3. Современник первого крестового похода (1919-1921)
3. Современник первого крестового похода (1919-1921)
Трудно жилось и арабистам Петрограда в 1918-1920 годах. Весь город замирал и голодал, научные учреждения с темнотой должны были прекращать свои занятия. Университетские лекции по арабистике печально ютились в одном уголке библиотеки, но и там температура была не выше 3 градусов, а иногда замерзали чернила. Маленькая, хотя я стойкая, плеяда арабистов держалась тесно, однако тосковала по своим друзьям: лучшие рукописи Азиатского музея еще в 1917 году были эвакуированы в Саратов, а между тем так часто хотелось посмотреть на какого-нибудь старого приятеля, перелистать его знакомые страницы или проверить впервые мелькнувшую мысль.
Остро почувствовалось это, когда М. Горький основал издательство „Всемирная литература“, восточная „Коллегия“ которого объединила всех наличных востоковедов в увлекательной, впервые широко задуманной работе. И по арабской литературе был составлен большой план намеченных для перевода сочинений. В первую очередь шла „Книга назидания“ – мемуары современника ранних крестовых походов сирийского эмира Усамы (1095-1188). Впервые русские читатели должны были познакомиться с живой картиной всей эпохи, воссозданной простым непринужденным стилем в воспоминаниях старого рассказчика – рыцаря, охотника и писателя.
Редактируя перевод и подготовляя вступительную статью, я еще раз задумался над другими сочинениями эмира-литератора. О них писали неоднократно, однако я с большим изумлением увидел, что никто не обратил внимания на старые – еще 20-х годов прошлого столетия – статьи Френа, который упоминал, правда мельком и попутно, о сохранившемся в Азиатском музее автографе сочинения Усамы „Книга стоянок и жилищ“. Я тоже случайно наткнулся на это упоминание в работе преемника Френа, второго директора Азиатского музея Дорна и, признаться, сразу ему не поверил: мне казалось почти невозможным, чтобы европейская наука и в особенности французский ориенталист Деранбур, чуть не половину жизни занимавшийся Усамой, не знал ни про это сочинение, ни про автограф своего героя. Конечно авторитет Френа очень велик, и даже в случайных замечаниях надо к нему прислушиваться, но он писал больше ста лет тому назад, когда других сочинений Усамы не знали; он мог смешать его с каким-нибудь мало известным тогда его произведением. Но почему же Френ так определенно считал рукопись автографом? Тщетно я пытался найти какие-нибудь указания в других местах, других источниках; ничего не попадалось, и я безуспешно ломал себе голову над этим в тяжелые зимние ночи 1920 года, стоя на дежурстве у ворот дома.
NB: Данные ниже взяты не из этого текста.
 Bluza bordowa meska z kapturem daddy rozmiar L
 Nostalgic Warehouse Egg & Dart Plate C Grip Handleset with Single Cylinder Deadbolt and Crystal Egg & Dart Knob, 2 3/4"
Только летом 1921 года рукописи вернулись обратно в свое „жилье“ и едва ли не первой моей мыслью при распаковке их был автограф Усамы. Ящики внесли в старое помещение Азиатского музея, с которым наш маленький тогда штат особенно близко сжился за протекшие годы. Опять, как не раз, задрожали у меня руки, когда в них оказался довольно большой том с нужным шифром. Мне стало как-то страшно его раскрывать: при всем скептицизме думалось – „а вдруг я в самом деле увижу внутри строки, писанные еще при жизни Саладина и Ричарда Львиное Сердце их достойным современником, другом и противником!“ Первое впечатление сильно разочаровывало – черный переплет был невзрачен и безвкусен, вероятно, не старше последнего владельца перед Азиатским музеем француза-левантинца Руссо в начале XIX века. С некоторым напряжением воли я заставил себя, наконец, раскрыть том и, по обычному рефлексу „рукописника“, на этот раз с торопливой жадностью, стал рассматривать конец и начало манускрипта. Разочарование усиливалось! рукопись оказалась дефектной и там и здесь. Конец отсутствовал и теперь, а начало было реставрировано значительно позже основной части другой рукой на новой бумаге. Хотя мы хорошо знаем, что в рукописях чаще всего исчезали действительно последние и первые листы в связи с обычной системой хранения их на Востоке в лежачем виде, а не стоя, как у нас, но все же реставрация всегда заставляет насторожиться в вопросе о подлинности сочинения. Часто владелец или какой-нибудь старинный антиквар подделывал начало или конец, чтобы придать рукописи более древний вид или приписать сочинение какому-нибудь знаменитому автору. С грустью и недоверием я пробегал первые строки реставрированной рукописи: «Говорит Усама ибн Муршид ибн Али ибн Мукалляд ибн Наср ибн Мункыз кинанит, да простит Аллах ему…» В настоящем виде выписанные безличным почерком переписчика они сами по себе были для меня не убедительны. Опять и опять я задавал вопросы: почему же Френ решил, что это автограф?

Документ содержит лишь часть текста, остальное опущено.